**WORK INSTRUCTIONS**
Give the records again exactly, but drop the pictures.

Captioned web images:
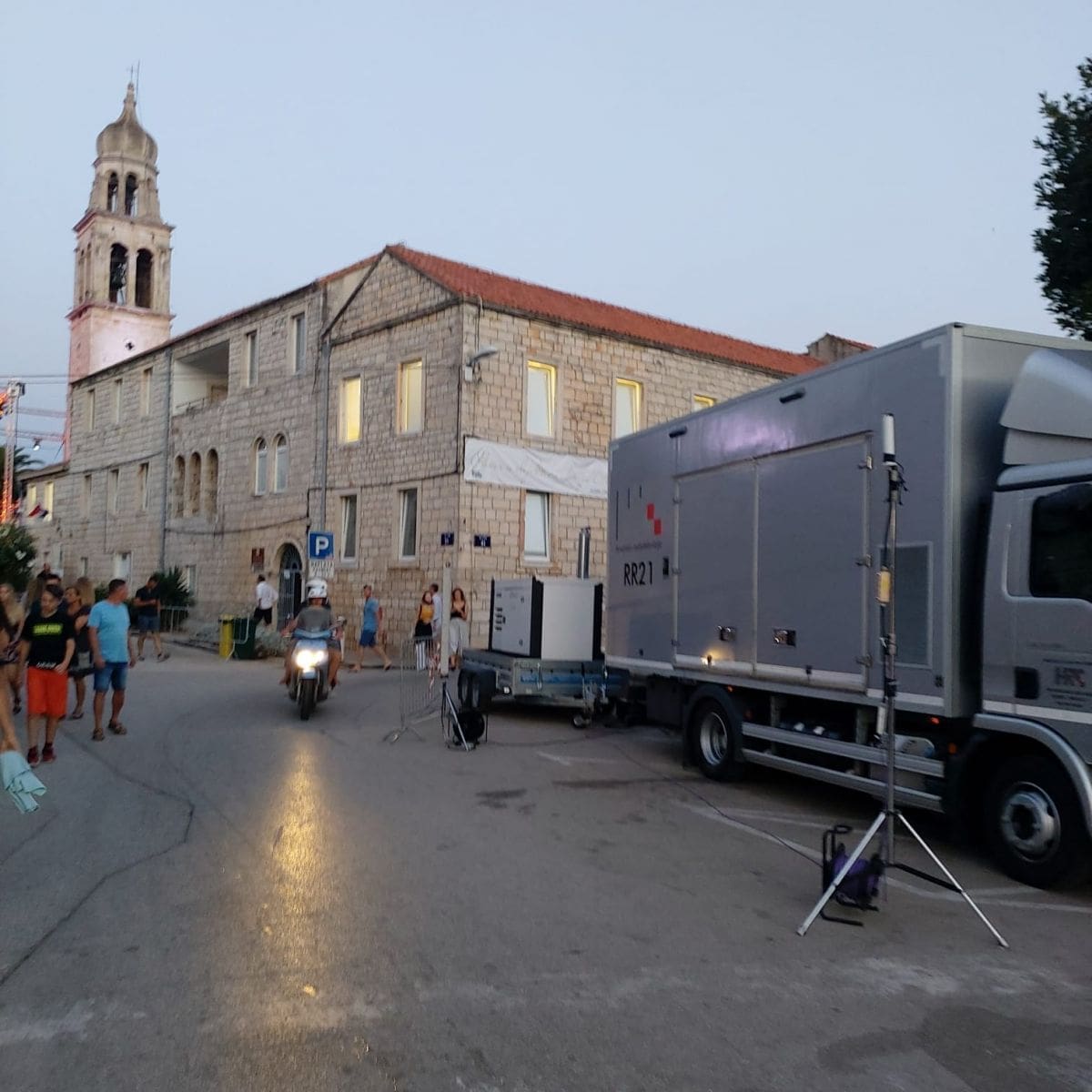 vela-luka-trag-beskraju(1)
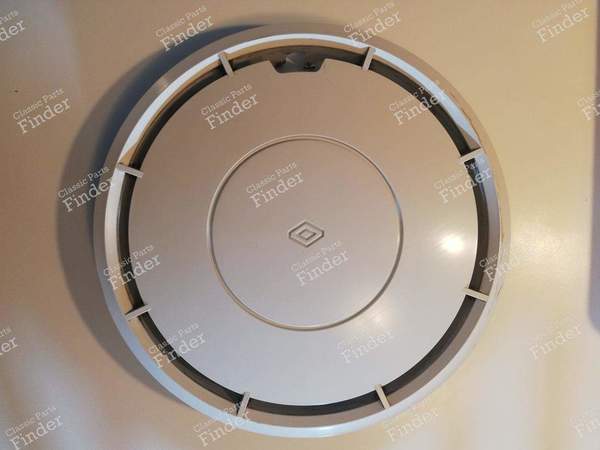 Saturne' white hubcap - RENAULT 9 / Alliance / Broadway / 11 / Encore (R9 / R11) - 7700731677- 1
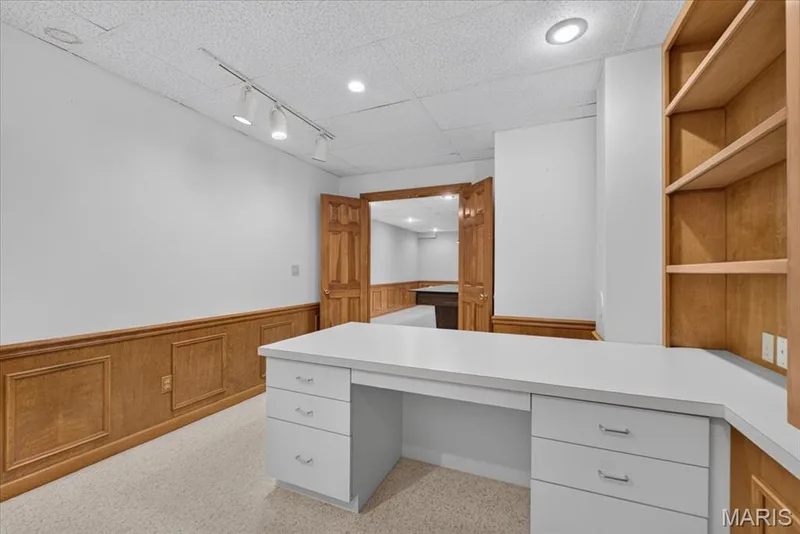 14620 Timberlake Manor Court, Chesterfield, MO 63017 — listing photo 41 of 64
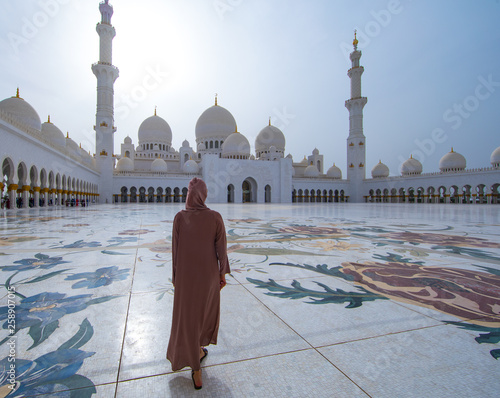 Canvas Print The courtyard of Sheikh Zayed Grand Mosque in Abu Dhabi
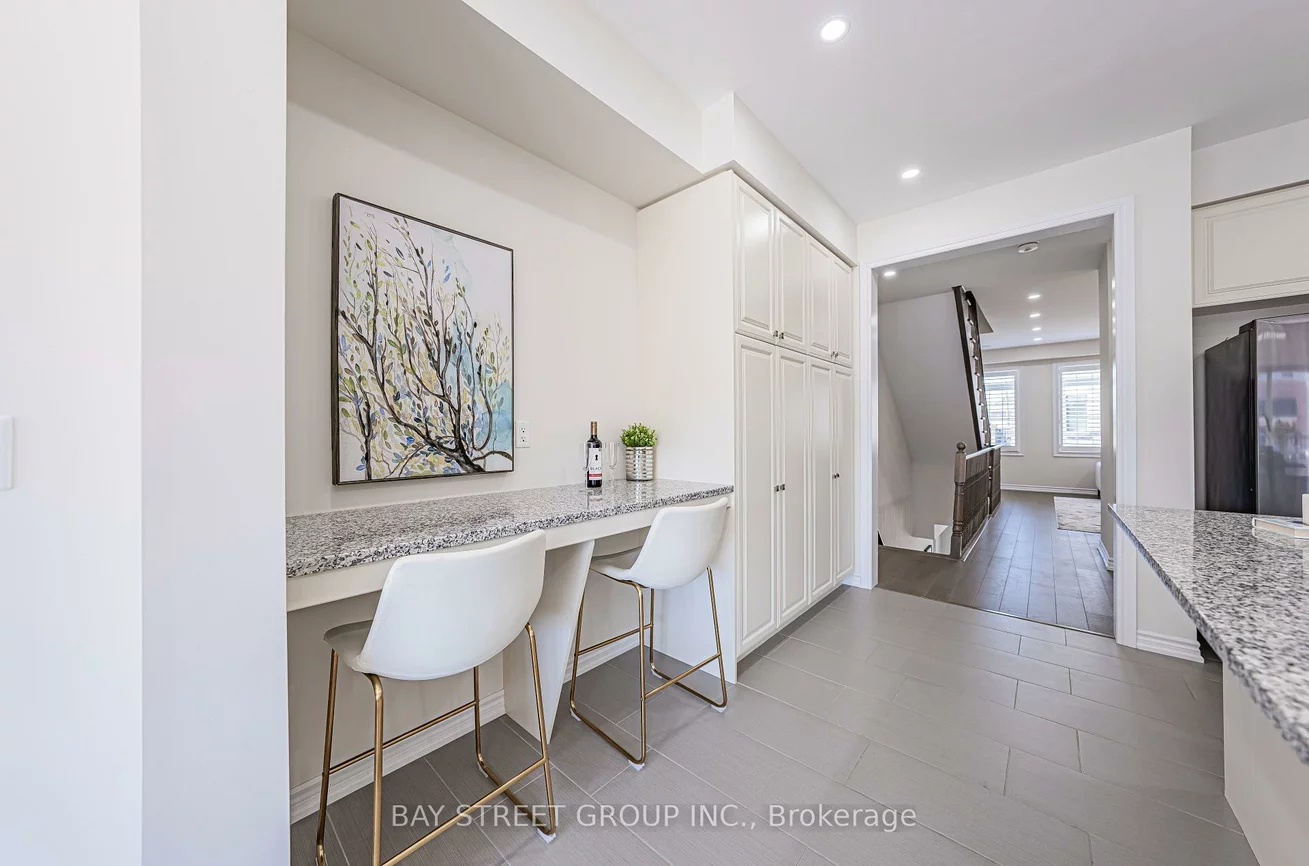 32, Cafaro, Victoria Square, Markham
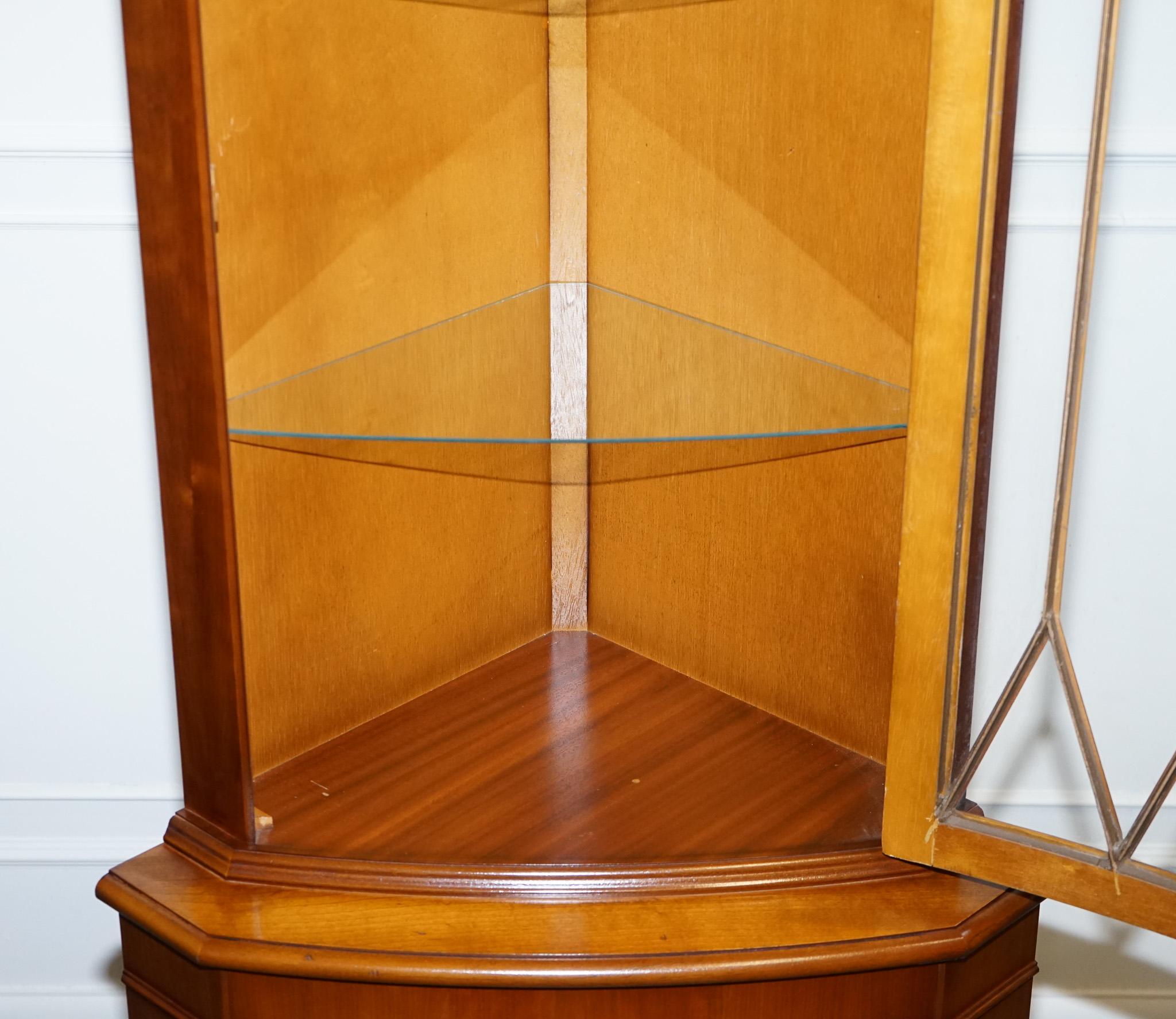 Vintage English Yew Wood Corner Cabinet Cupboard en vente 1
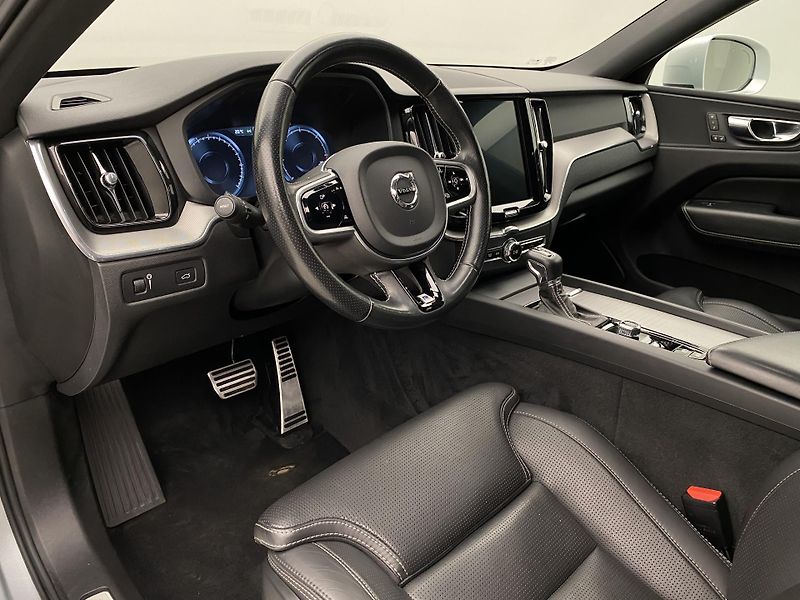 Volvo XC60 D4 AWD R-DESIGN REZERVACE - fotka 4 z 44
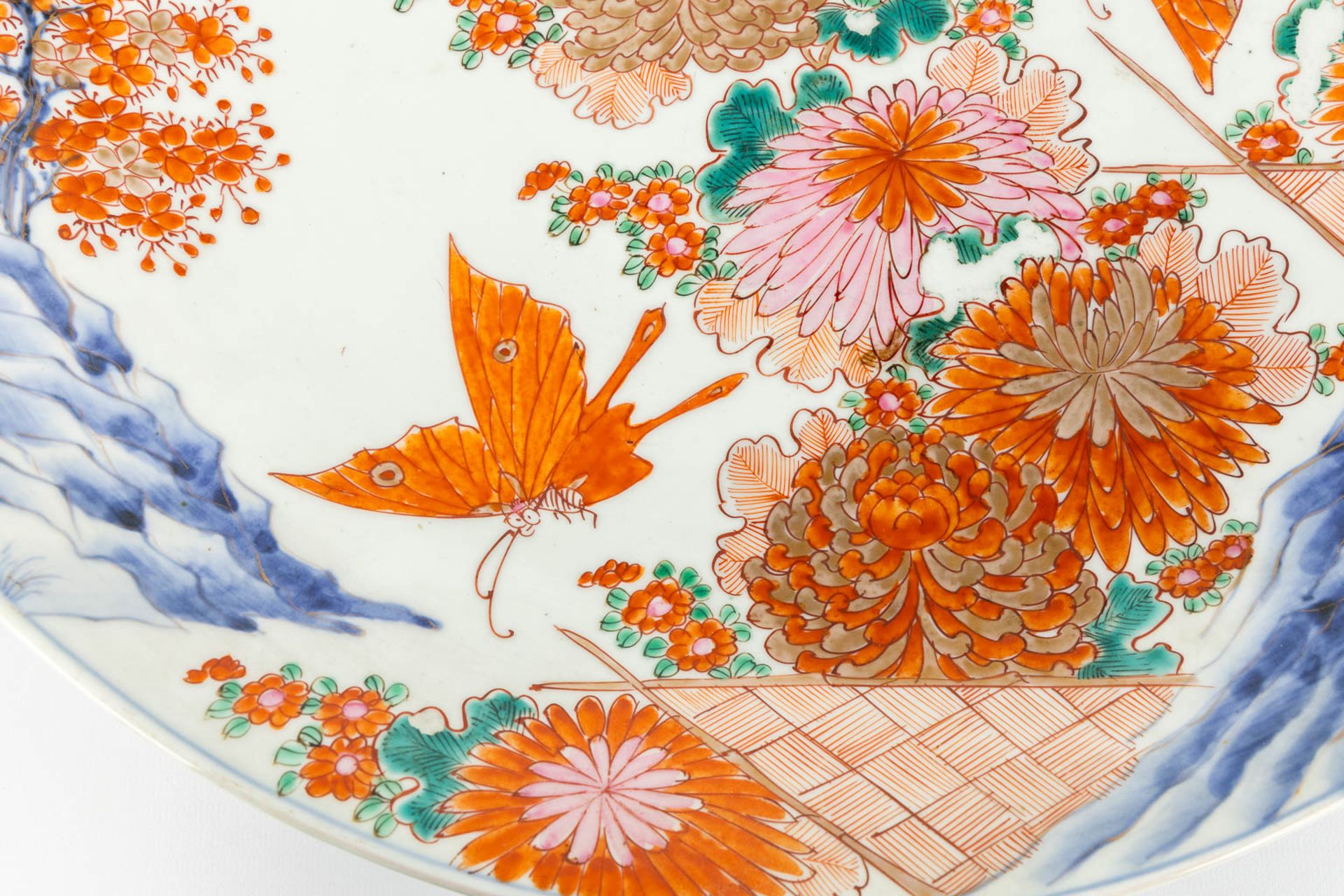 A large Japanese Imari bowl, decorated with butterflies and flowers. 19th C. (D:47 cm) - Image 9 of 11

**EXPECTED OUTPUT**
 vela-luka-trag-beskraju(1)
 Saturne' white hubcap - RENAULT 9 / Alliance / Broadway / 11 / Encore (R9 / R11) - 7700731677- 1
 14620 Timberlake Manor Court, Chesterfield, MO 63017 — listing photo 41 of 64
 Canvas Print The courtyard of Sheikh Zayed Grand Mosque in Abu Dhabi
 32, Cafaro, Victoria Square, Markham
 Vintage English Yew Wood Corner Cabinet Cupboard en vente 1
 Volvo XC60 D4 AWD R-DESIGN REZERVACE - fotka 4 z 44
 A large Japanese Imari bowl, decorated with butterflies and flowers. 19th C. (D:47 cm) - Image 9 of 11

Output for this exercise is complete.